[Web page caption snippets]
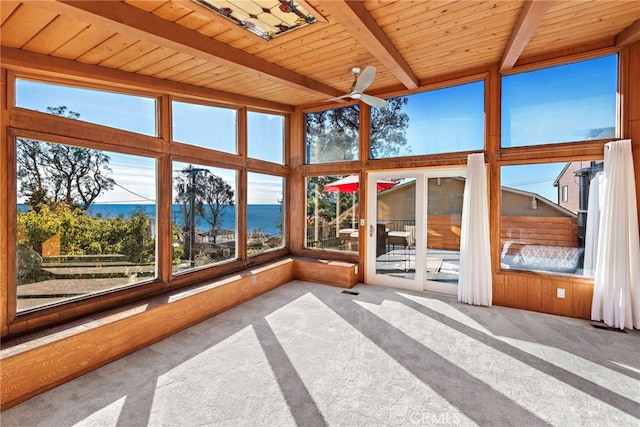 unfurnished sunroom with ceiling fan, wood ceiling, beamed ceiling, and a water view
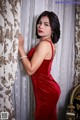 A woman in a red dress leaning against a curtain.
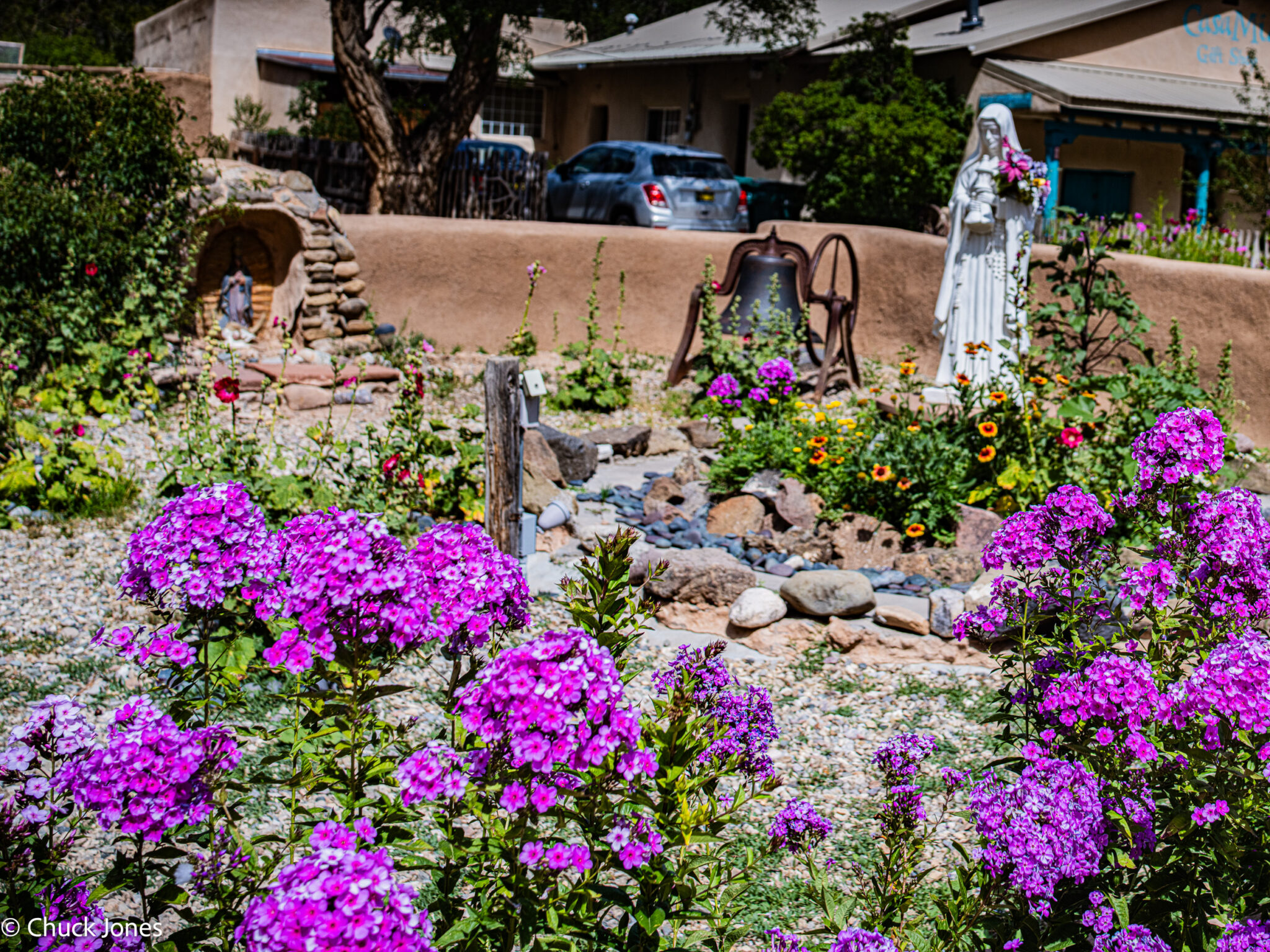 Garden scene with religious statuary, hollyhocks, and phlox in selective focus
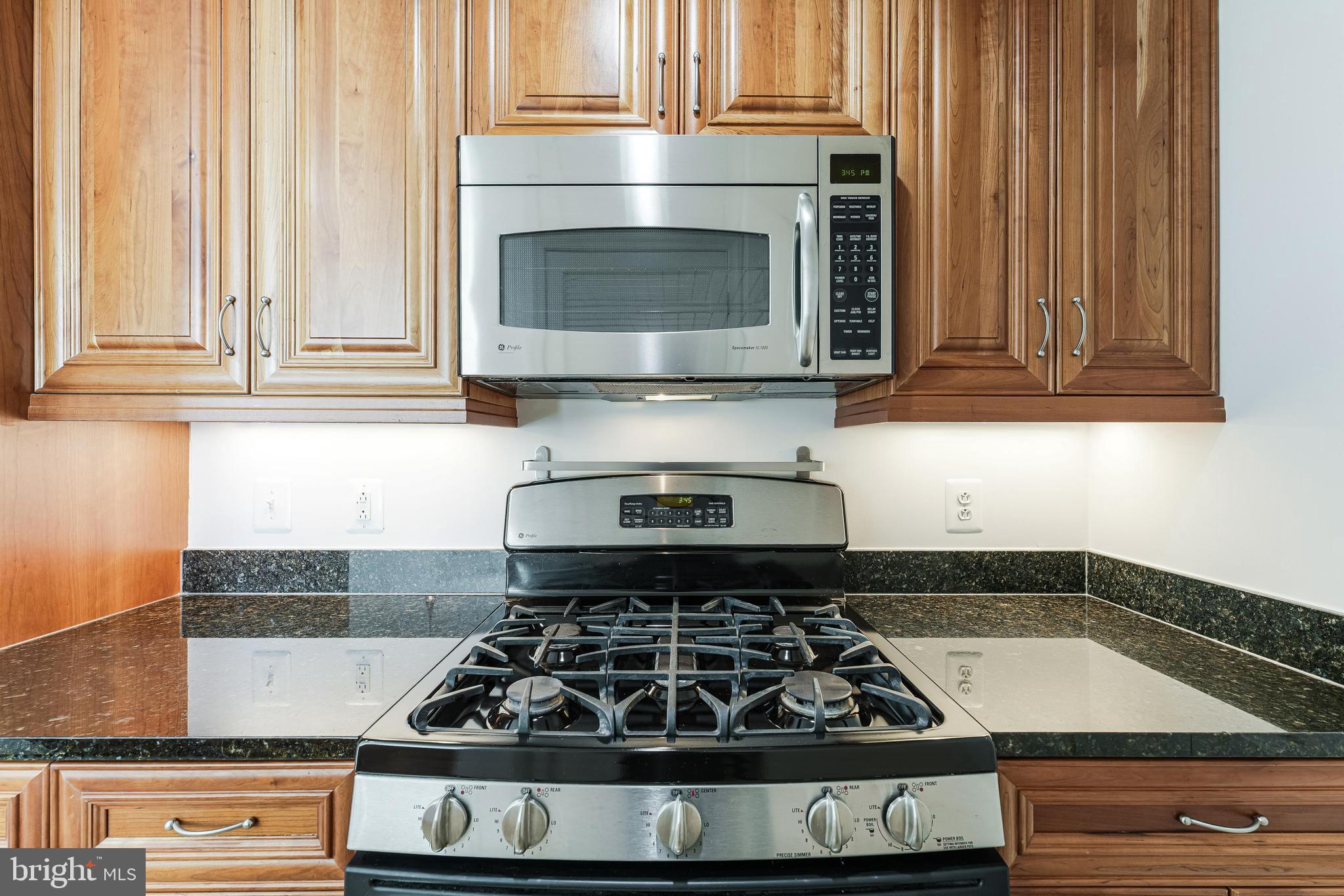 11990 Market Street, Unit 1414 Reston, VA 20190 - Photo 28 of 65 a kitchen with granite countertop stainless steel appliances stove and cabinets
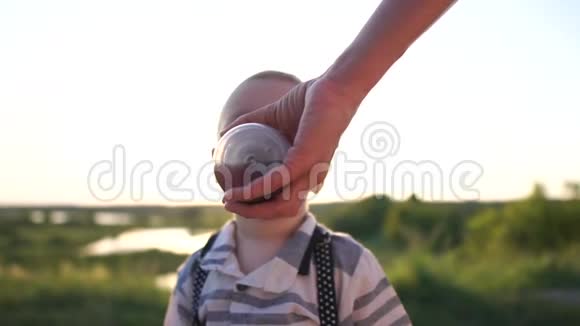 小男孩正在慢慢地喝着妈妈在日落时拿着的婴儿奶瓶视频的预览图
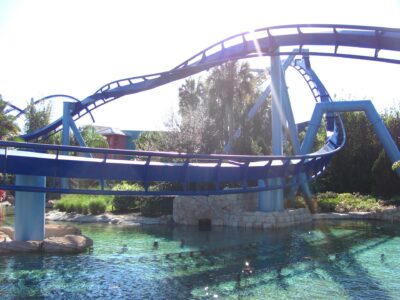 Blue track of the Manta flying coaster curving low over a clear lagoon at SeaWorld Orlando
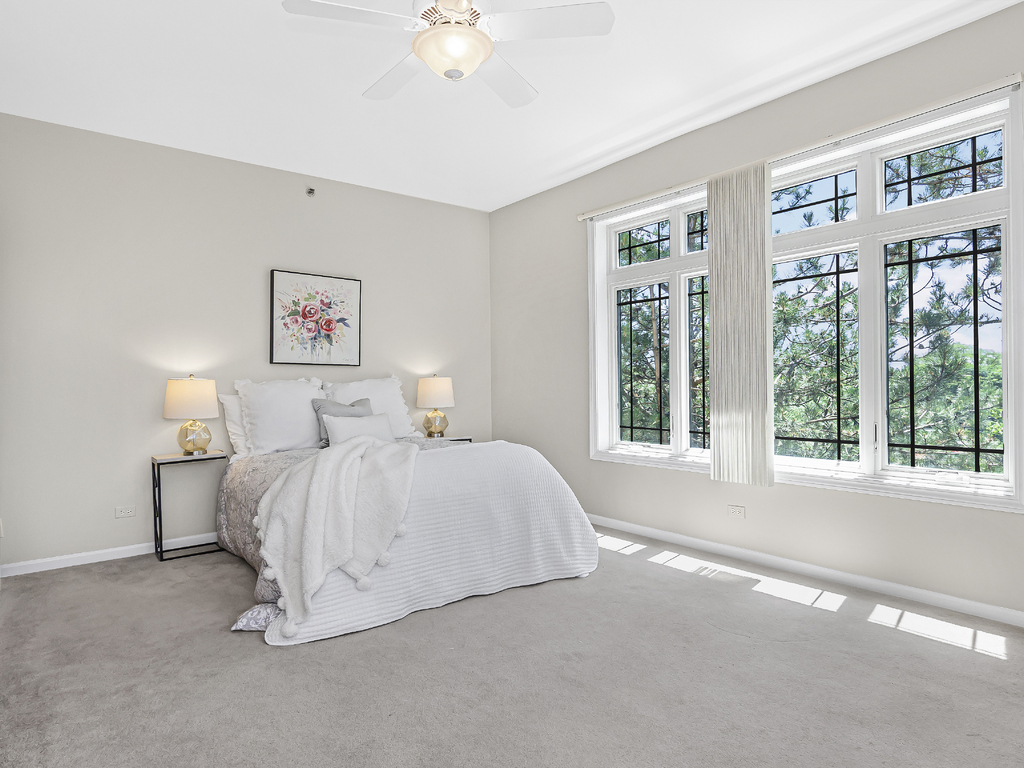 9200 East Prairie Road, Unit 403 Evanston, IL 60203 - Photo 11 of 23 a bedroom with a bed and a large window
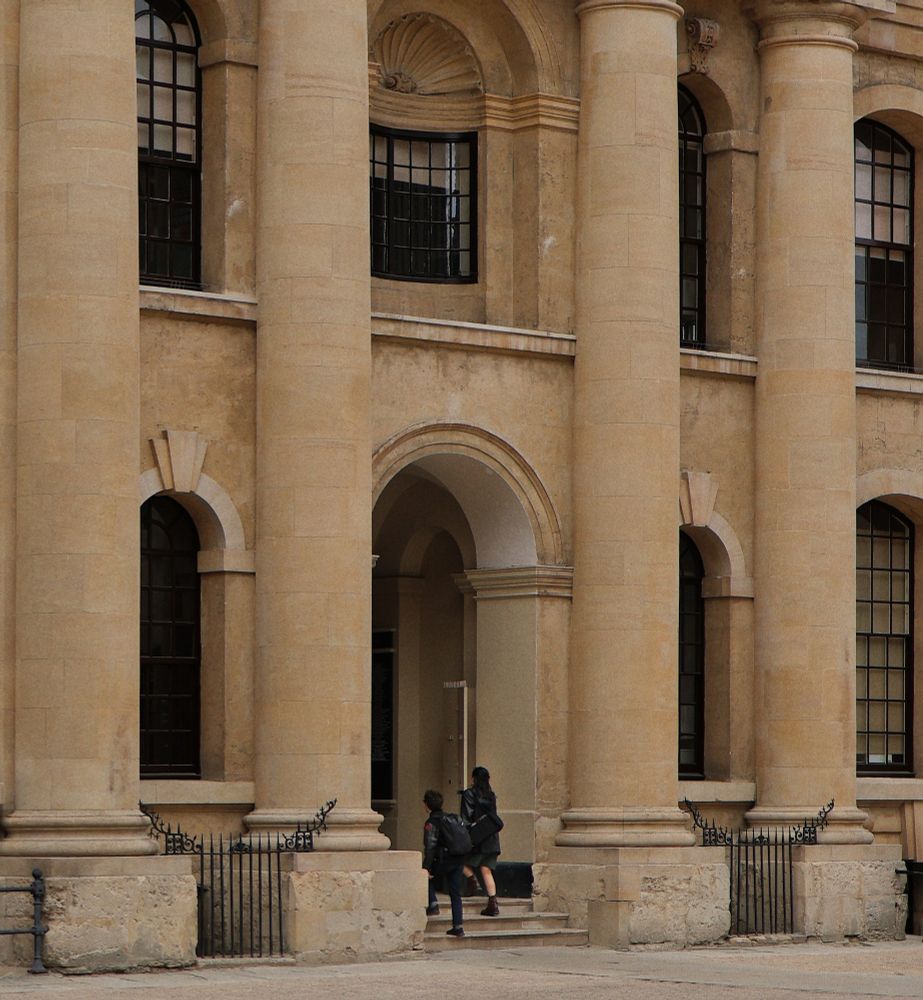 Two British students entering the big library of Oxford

**EXERCISE:** All lines from the one containing "9200 East Prairie" through the final line of the entries above must be restated word for word, pictures excluded.

**TASK RESPONSE:**
 9200 East Prairie Road, Unit 403 Evanston, IL 60203 - Photo 11 of 23 a bedroom with a bed and a large window
 Two British students entering the big library of Oxford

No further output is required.